[[ SUPPLIED INFORMATION, beginning ]]
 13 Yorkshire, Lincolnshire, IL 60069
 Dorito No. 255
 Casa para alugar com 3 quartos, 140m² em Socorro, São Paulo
[[ SUPPLIED INFORMATION, end ]]
WHAT THE TASK ASKS:
Write down the entire listing above verbatim.

RESULT FOR THIS EXERCISE:
 13 Yorkshire, Lincolnshire, IL 60069
 Dorito No. 255
 Casa para alugar com 3 quartos, 140m² em Socorro, São Paulo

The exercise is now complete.